It’s a tragedy that boxer Maxim Dadashev died Tuesday of injuries he suffered in the ring, but it’s a part of the sport. 

It’s natural to wonder whether anything could be done to prevent future boxing deaths, but there isn’t. Not unless you want to outlaw the fight game, altogether.

It’s a grim reality, but it’s something you have to acknowledge and come to terms with if you love, participate in, report on or earn a living off of boxing.

Generational problem  

It comes up in every generation.

Benny Paret died after fighting Emile Griffith. That was 1962.

Duk Koo Kim died after fighting Ray Mancini. That was 1982.

Magomed Abdusalamov could have died after he slipped into a coma after fighting Mike Perez. That was 2013. (Abdusalamov suffered permanent brain injuries and still can’t walk or talk.)

Deontay Wilder said he wanted to kill Dominic Breazeale. That earlier this year.

Wilder’s comments triggered a conversation over whether he should have been suspended or fined.

He wasn’t. And he shouldn’t have been.

In other sports, concussions and catastrophic brain injuries are byproducts of competition.

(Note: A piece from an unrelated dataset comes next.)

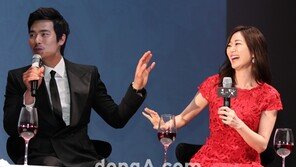 [SD포토] 김효진, 김강우 농담에 ‘빵터져’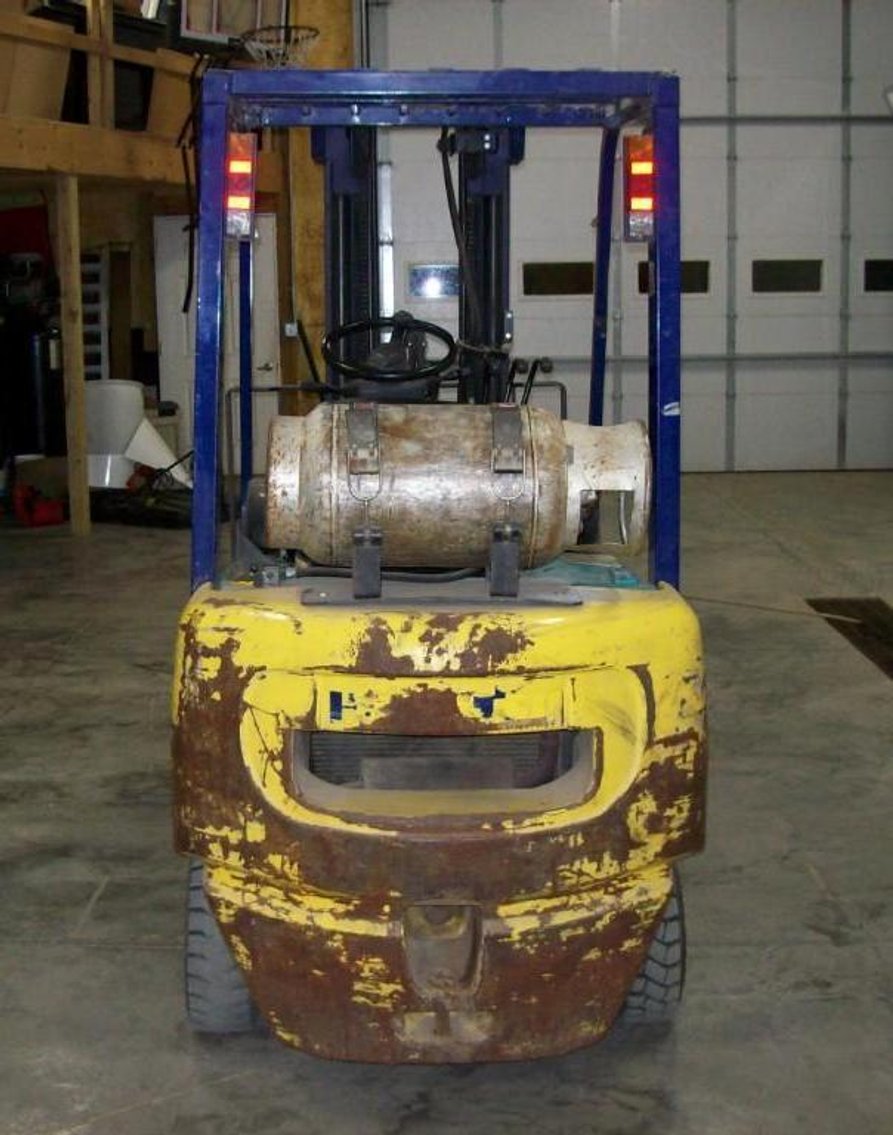 Komatsu FG18HT-16 Forklift - 1974 John Deere 4230 Tractor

In boxing, they’re the goal.

Wilder’s comments were abhorrent. They don’t fit in polite society. But “polite society” is often a façade.

Part of the appeal of boxing is that there is no façade. It is what it is: two combatants seeking to bludgeon each other into unconsciousness.

Questions or reforms?

Dadashev had to have known the risks. And that doesn’t make his death after fighting Subriel Matias on Friday any less heartbreaking.  

But the next wave of questions and calls from reform should center on Dadashev’s wife and son. Are they OK? What are his promoters or managers doing to support them financially and emotionally?

It should focus on other fighters. Do they have adequate insurance? Are they putting money away for retirement?

It should focus on Dadashev’s opponent, Matias. The men who’ve beaten the life out of their opponents before a bloodthirsty crowd are never the same after. Does Matias have a counselor?

It should focus on Dadashev’s trainer Buddy McGirt. He stopped the fight. But now he has to live with doubt.

“It just makes you realize what type of sport we’re in, man,” McGirt said, according to ESPN. “… My mind is like really running crazy, right now. Like, what could I have done differently?”

The answer is nothing. Not in boxing.

If we want to change things, we should seek better support networks around fighters outside of the ring.

Once they step inside the ropes, they know the dangers. We all do.

Maxim Dadashev’s death is a tragedy, but tragedy is part of the sport.